**Requirement**
Would you transcribe the records below from the line with "Kawaii Hungary Flag" to the line with "タイガー虎赤金ゴールド中国の〔占星術の〕十二宮図月記号 ショットグラス (正面)", ends included, exactly and with nothing more, leaving the pictures out?

**Working data**
========

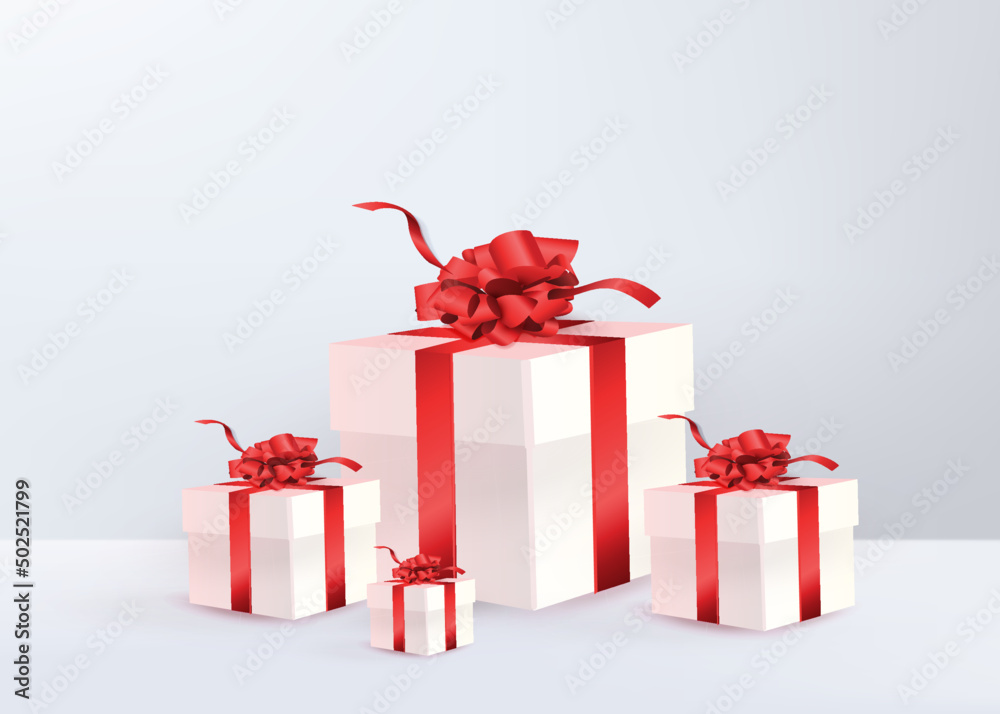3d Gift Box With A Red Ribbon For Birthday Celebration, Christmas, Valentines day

========

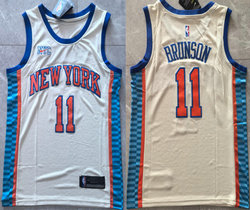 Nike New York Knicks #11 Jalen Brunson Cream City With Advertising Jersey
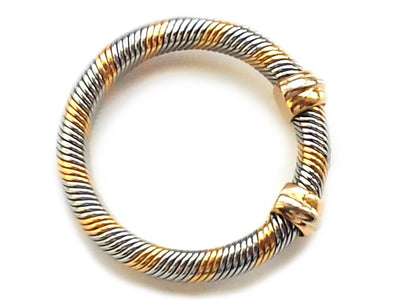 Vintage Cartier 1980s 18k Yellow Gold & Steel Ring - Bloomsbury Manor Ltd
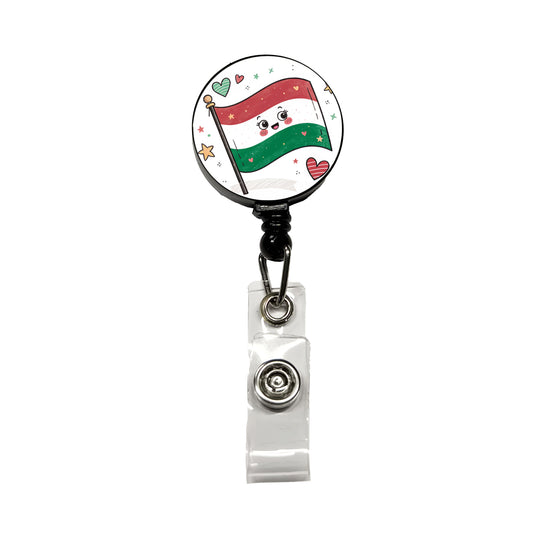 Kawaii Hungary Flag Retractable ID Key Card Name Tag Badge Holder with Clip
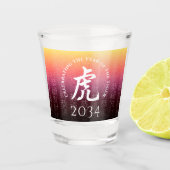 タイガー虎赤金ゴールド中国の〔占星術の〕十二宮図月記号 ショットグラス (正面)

========

**Expected output**
 Kawaii Hungary Flag Retractable ID Key Card Name Tag Badge Holder with Clip
 タイガー虎赤金ゴールド中国の〔占星術の〕十二宮図月記号 ショットグラス (正面)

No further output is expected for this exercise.